Some of the other areas where stem cells have roles in the future…are for personalised medicine. We’ve recognised now that taking stem cells from a patient and building an entire organ is very difficult; we are decades away from being able to do that reproducibly in my opinion. But along that journey, what we’ve recognised is that we can make little mini organs quite easily. And so the real promise of this is in the area of precision medicine and personalised therapeutics. So if I could take a skin sample from a patient, and I can take let’s say a tumour biopsy from the same patient, I can regrow their tumour in the laboratory, and then from their blood or skin sample I could form stem cells and make a mini liver and a mini heart. So if you want to test out cancer therapeutics, you can also look at cardiac and liver toxicity in the same experiment. This has become so exciting because it’s just absolutely apparent that the animal models don’t work as well as we’d hoped… their physiology just doesn’t reflect how human physiology is.

The report says stem cell technology can be combined with gene editing. Your thoughts?

This is really the emerging Holy Grail …the idea being that not only can you isolate stem cells from a patient, and perhaps engineer them to replace damaged or diseased tissue, but with the advent of CRISPR/Cas9 gene editing and all these related technologies, we now have the ability to correct a mutation in those cells directly. So if we take out some of these mutations of the genes within the stem cells, and then use them for therapy, then you’re killing two birds with one stone – you’re able to replace the damaged tissue but also correct the genetic mutation that may be causing unwanted problems. I suggested we’ve got a little over a decade before we’re going to be using CRISPR-modified stem cells for replacing tissue.

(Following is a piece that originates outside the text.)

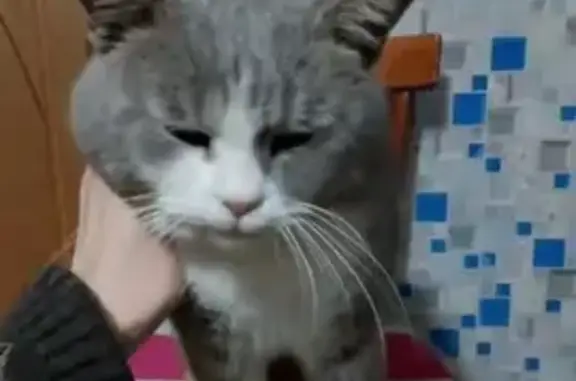 Найдена кошка, Сахаровка, фото: Кот найден: Лебяжье, Сахаровка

And then there’s bioprinting…?

I think that 3D printing in the biofabrication space is a new tool that’s here today. I see it more as an enabling complementary tool to go alongside a lot of the stem cell work because with the ability to have high resolution printing of complex matrices and cells in well defined architectures, this is going to allow us to get closer to this vision of rebuilding organs and tissues. Every week we’re seeing high profile papers coming out with these new bioprinting techniques. And we’re only now starting to integrate them with the advanced biological tools. And so I think over the next decade, we’re going to see many examples of the complementarity of these things, both stem cell engineering and 3D biofabrication. Ultimately, I think it’s what’s going to allow us to actually make the full size tissue engineered grafts for regenerative medicine.

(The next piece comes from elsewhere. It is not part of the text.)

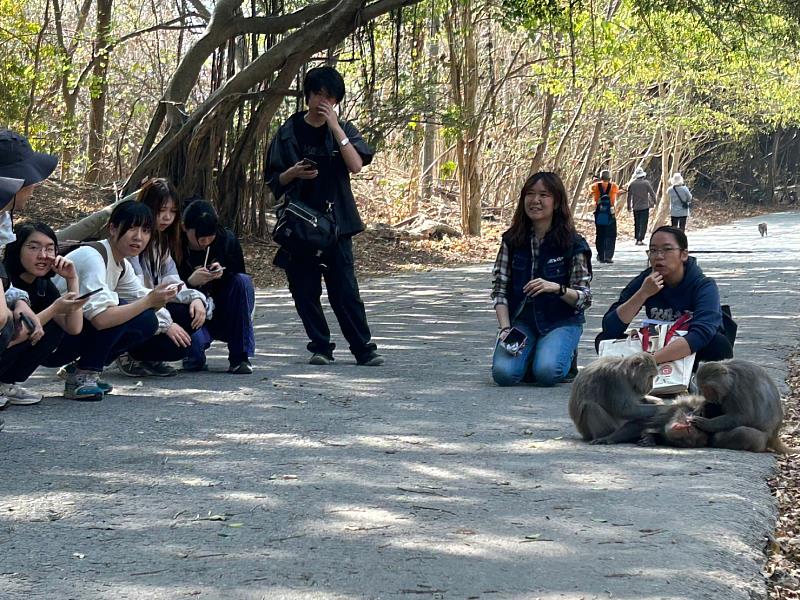 學生在獼猴群中聆聽台灣獼猴共存推廣協會秘書長林美吟(右)解說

In your opinion, how valuable is a report like this? What’s its purpose?

I was actually really excited to be involved, because I think, oftentimes, the pace of innovation and the direction of innovation doesn’t match up with what’s going on in the trenches. From my perspective, having a coherent, cohesive document from an organisation like WHO provides a good template for policy – for governments to really keep an eye on what’s coming, what’s going to have the biggest impact, and how quickly it’s going to have an impact. It also makes sure that we have the ethical and legislative frameworks in place to maximise the potential of these technologies. In addition, I think funding is equally important – ensuring that both the public and the funding bodies are up to speed on where things are going on these important topics. We want to make sure that those are aligned with what is the most promising research avenues that are going to have a real impact on health.